The film begins as Edward (Tom Hiddleston) arrives on the Cornish holiday island of Tresco to spend a final fortnight with his family before abandoning a City career for a year's charity work in Africa. The fortnight will consist of walks, bicycle rides, picnics, painting and the occasional dinner. Edward's mother Patricia (Kate Fahy) and sister Cynthia (a scene-stealing Lydia Leonard) are already there not to mention a cook, Rose (Amy Lloyd) and a painting tutor (Christopher Baker). But, much to Ed's chagrin, his girlfriend Chloe hasn't been allowed to come because she's not family with a capital "F", and much to Cynthia and Patricia's discomfort, the father doesn't show up either.
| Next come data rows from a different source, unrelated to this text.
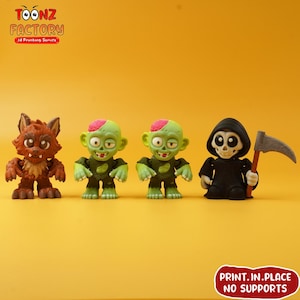 Pode incluir: Quatro figuras com tema de Halloween: um lobisomem castanho, dois zumbis verdes e um Ceifador negro segurando uma foice. As figuras estão em um fundo amarelo. O texto "TOONZ FACTORY" e "PRINT.IN.PLACE NO SUPPORTS" são visíveis.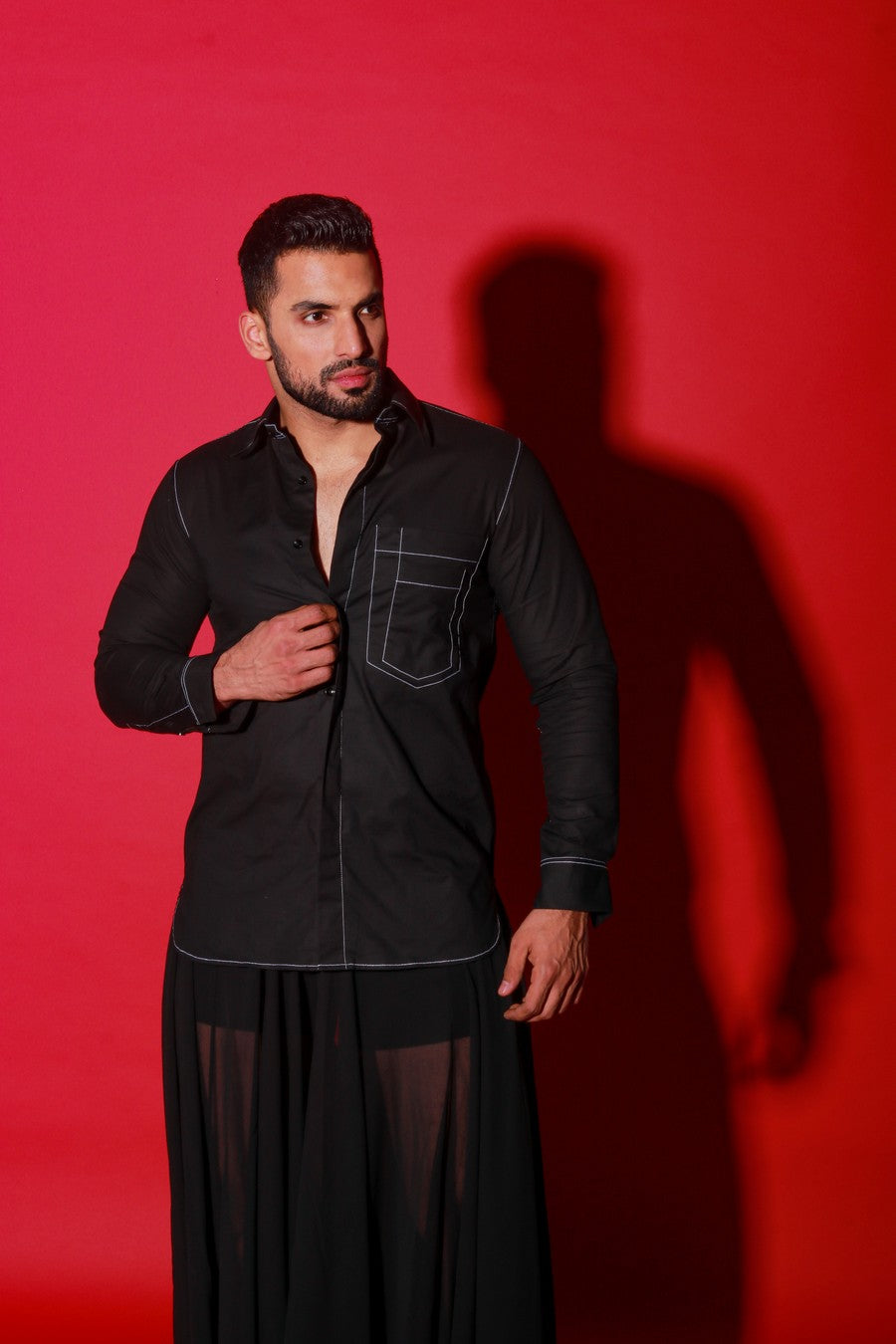 Black shirt with thick white stitching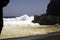 Powerfull waves crashing on a rock and splashing water in the air on remote black lava sand beach at Pacific coastline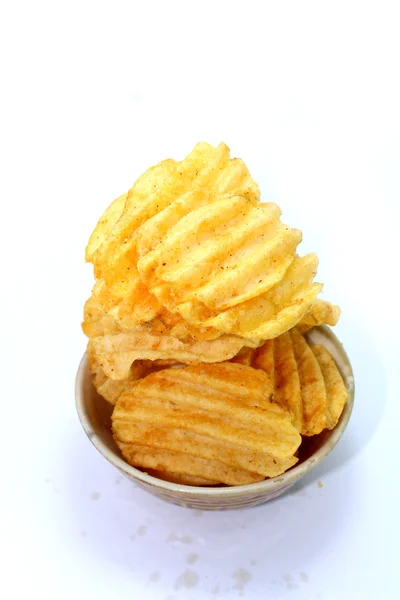 Вкусные картофельные чипсы в миске на белом фоне — стоковое фото
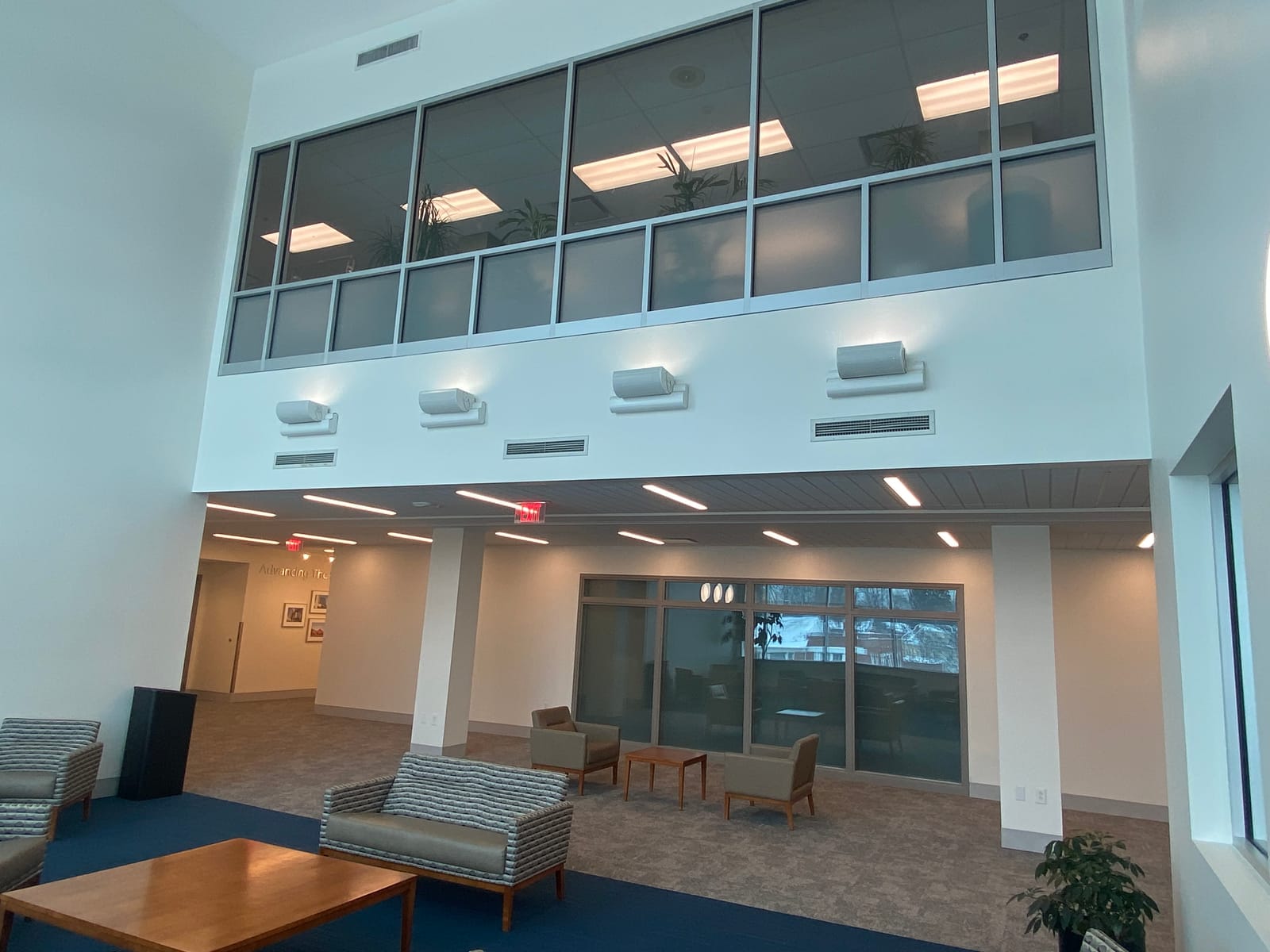 The two-storey atrium at the University Hospitals Management Service Center, pale blue painted walls under clerestory glazing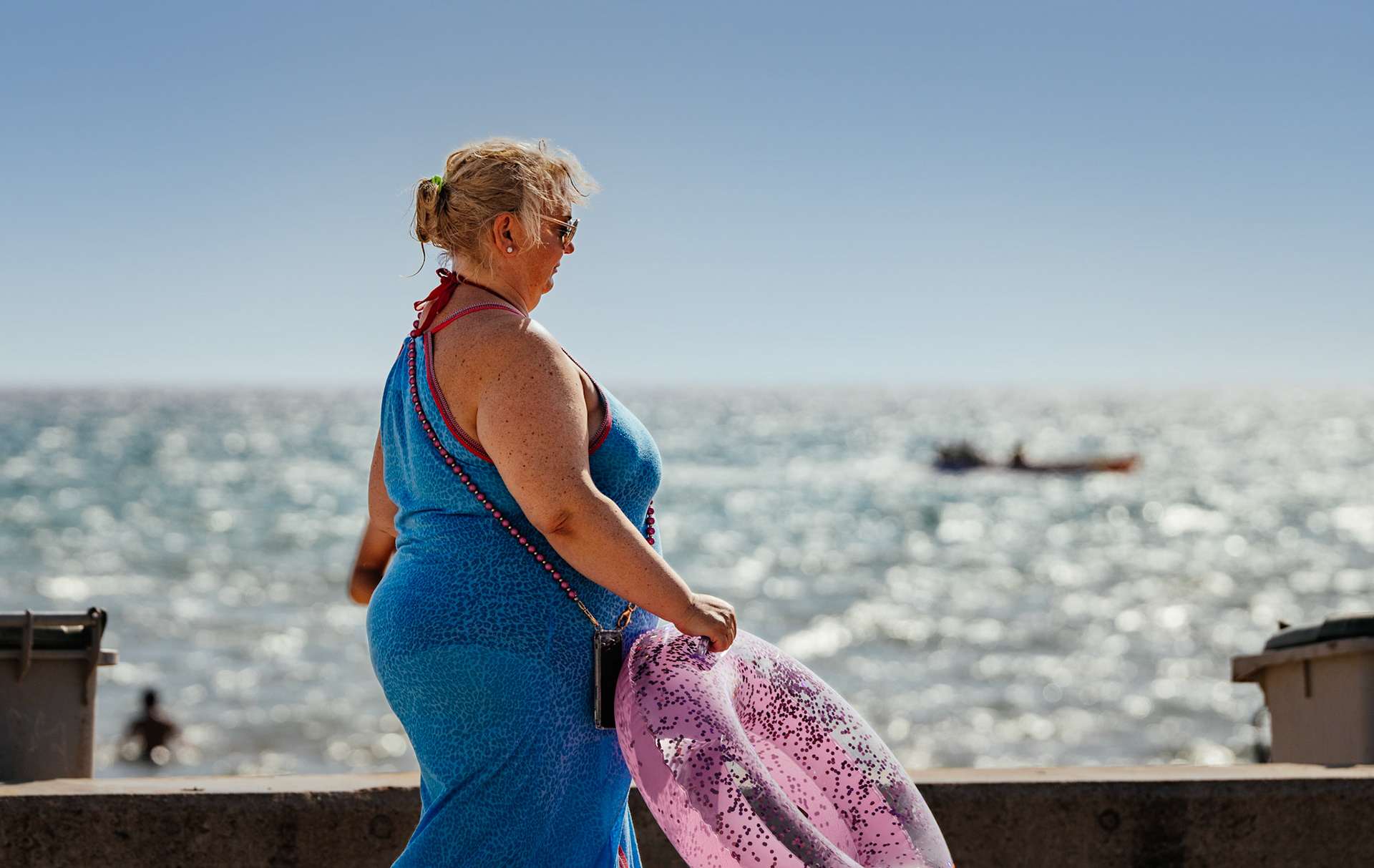 during a late afternoon walk in el arenal, i captured this vibrant scene of a woman by the seaside. her blue dress and the pink inflatable toy in her hand contrast beautifully against the glistening ocean backdrop. the sun casts a warm glow, highlighting the textures and colors, and creating a serene and joyful summer atmosphere. this photograph celebrates the simple pleasures of a beach day, encapsulating the essence of leisure and the carefree spirit of coastal life.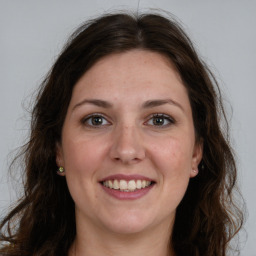 Joyful white adult female with long  brown hair and brown eyes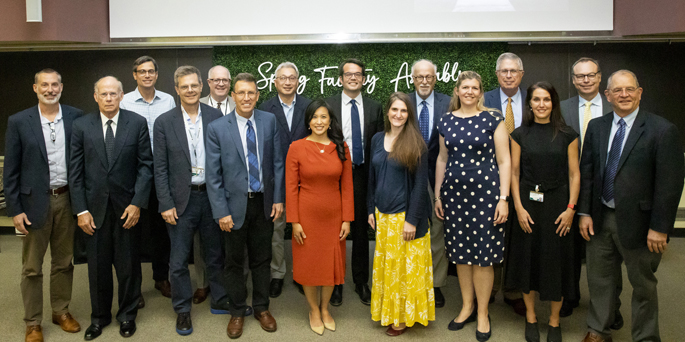 Award winners and faculty pose for a photo before last week’s School of Medicine Spring Faculty Meeting.
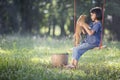 Asian baby on swing with puppy. Royalty Free Stock Photo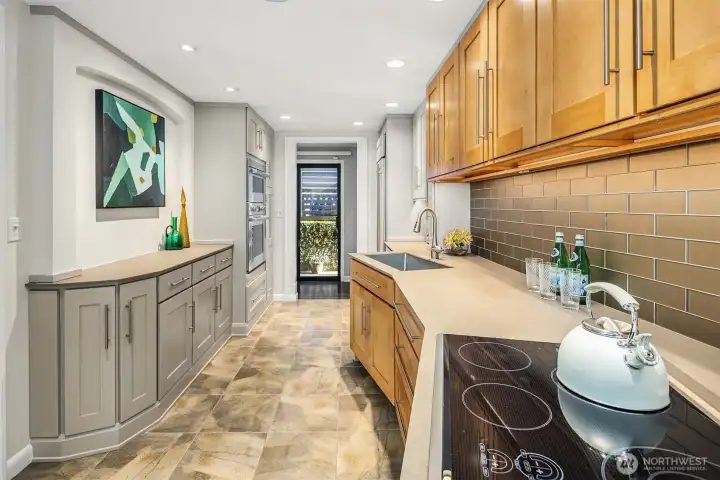 The slider to the front patio is just to our left out of frame.  The door straight ahead leads to a sweet side patio with planting beds, let's take a look...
And this brings us to the meat of the story: what family is and what one should expect of them. Ed's family are not supportive of his belated gap year. His mother is quietly negative. ("Ed's decision doesn't reflect badly on his father" when clearly she thinks it does.) His sister is openly, brutally critical. One can tell that both are hitting somewhere near the mark - Ed clearly doesn't know what he is about to do - but there means of expressing it is truly poisonous and stems in some part from frustration with the absent father.
As the film progresses, each member of the family reveals more of themselves despite the covering layers of upper-middle class politeness. There are, however, no big dramatic revelations - no moments of crisis - no moments of catharsis followed by closure. Joanna Hogg maintains the tone of strained emotions throughout - eschewing big bang finishes for an authentic examination of real emotions. The purity and austerity of this approach is underscored by her shooting style, which typically uses static cameras in still frames which may or may not include the faces of the people speaking; avoids introduced lighting often leaving her characters in darkness; and avoids artificial sound-tracks making those uncomfortable silences even more ominous.
The resulting film is difficult, honest and painful, because so much of the behaviour is recognisable. Like her previous film, UNRELATED, ARCHIPELAGO seems to live in a space where characters live in self-delusion but are stripped bare in a sequestered environment. Interns of content, Joanna Hogg reminds me of Nicole Holofcener, the American director who has made similarly painful, scabrous films about the emotional lives of the upper-middle classes. But the austerity of Hogg's style is quite unique.
ARCHIPELAGO played London 2010 and goes on release in the UK today.